*** Material provided ***

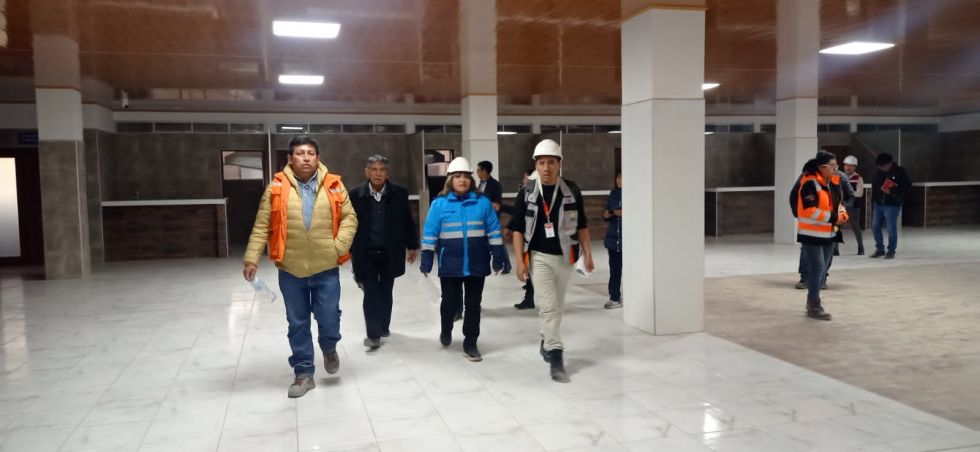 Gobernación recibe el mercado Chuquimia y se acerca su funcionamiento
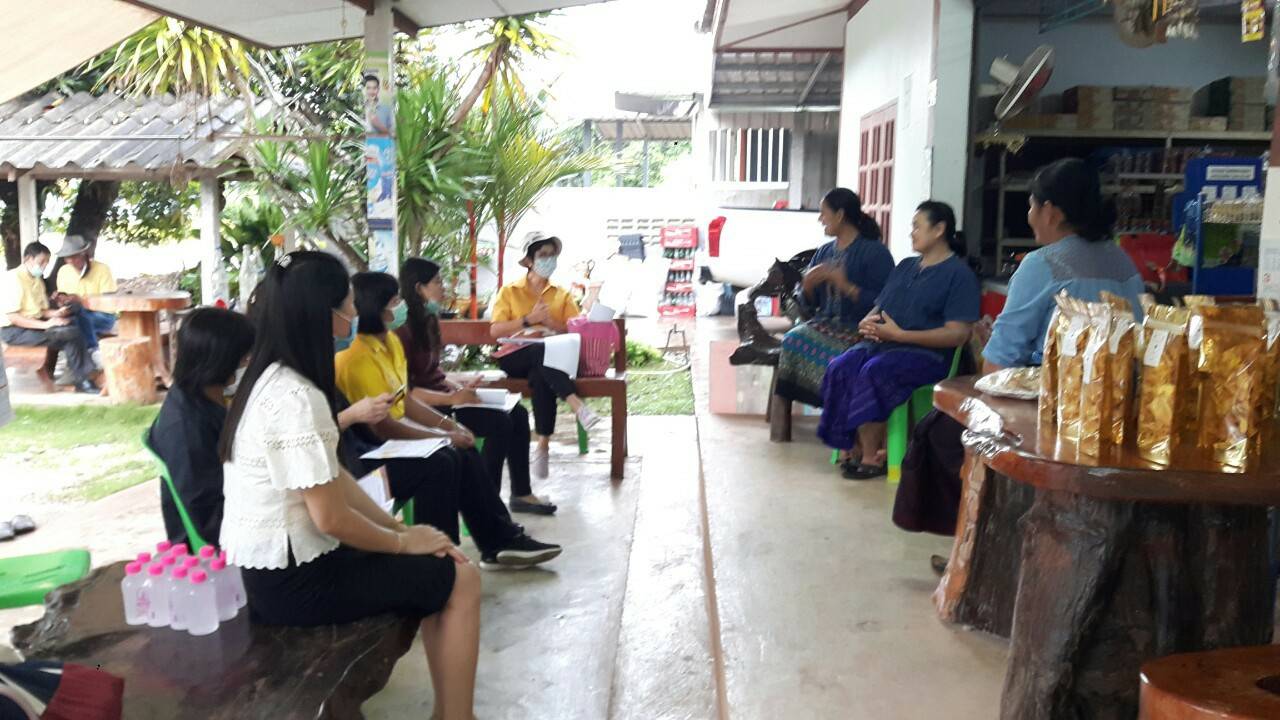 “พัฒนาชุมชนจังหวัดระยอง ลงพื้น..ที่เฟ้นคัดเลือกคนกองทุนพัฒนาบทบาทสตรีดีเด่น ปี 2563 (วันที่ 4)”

*** End of Material provided ***
*** Material provided ***

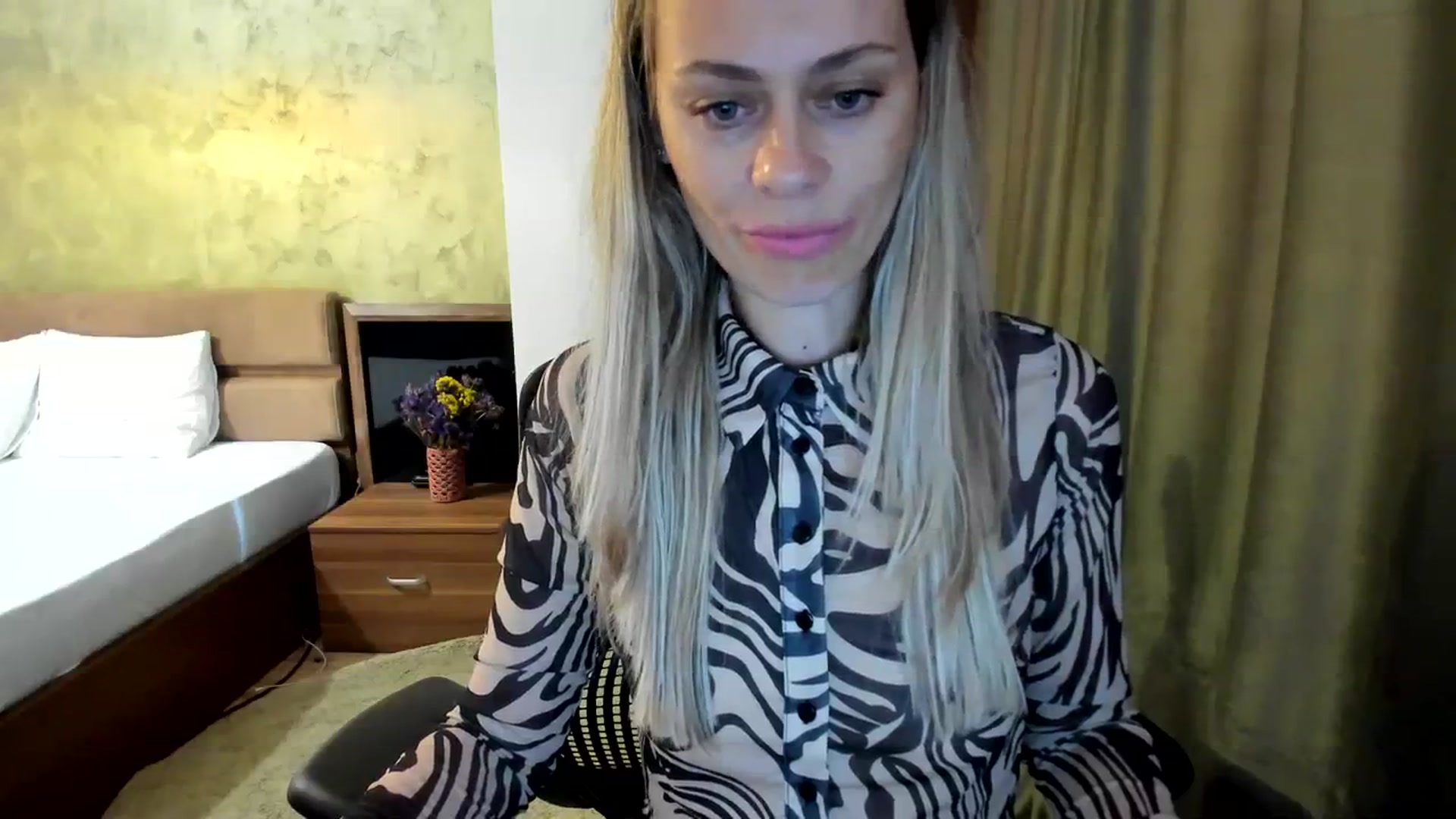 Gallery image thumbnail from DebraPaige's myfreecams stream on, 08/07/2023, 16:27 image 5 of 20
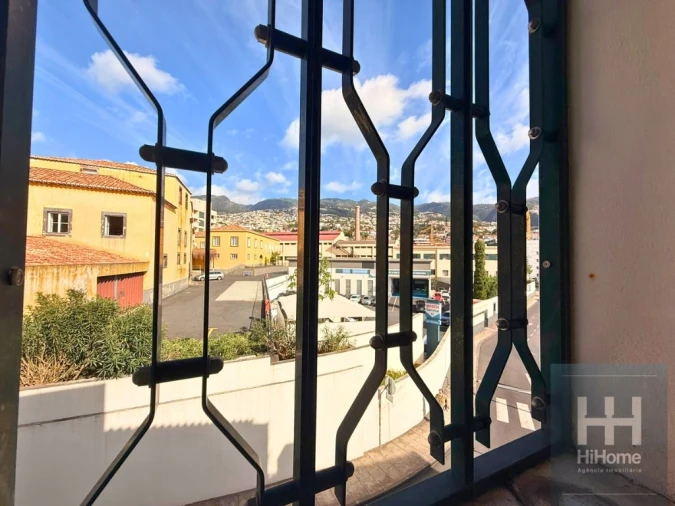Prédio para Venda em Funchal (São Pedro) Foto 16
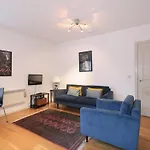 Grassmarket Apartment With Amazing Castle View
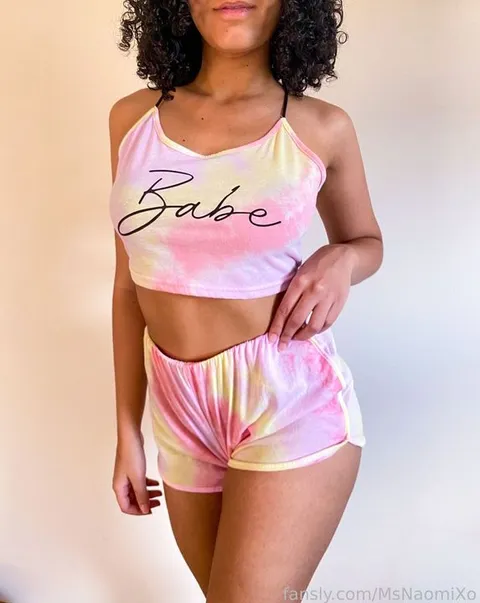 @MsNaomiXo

*** End of Material provided ***

--- Activity ---
Although the records above contain pictures, the copy must not; set down exactly the lines from the one with "Gobernación recibe el" up to and including the one with "ลงพื้น..ที่เฟ้นคัดเลือกคนกองทุนพัฒนาบทบาทสตรีดีเด่น ปี 2563".

--- Written answer ---
 Gobernación recibe el mercado Chuquimia y se acerca su funcionamiento
 “พัฒนาชุมชนจังหวัดระยอง ลงพื้น..ที่เฟ้นคัดเลือกคนกองทุนพัฒนาบทบาทสตรีดีเด่น ปี 2563 (วันที่ 4)”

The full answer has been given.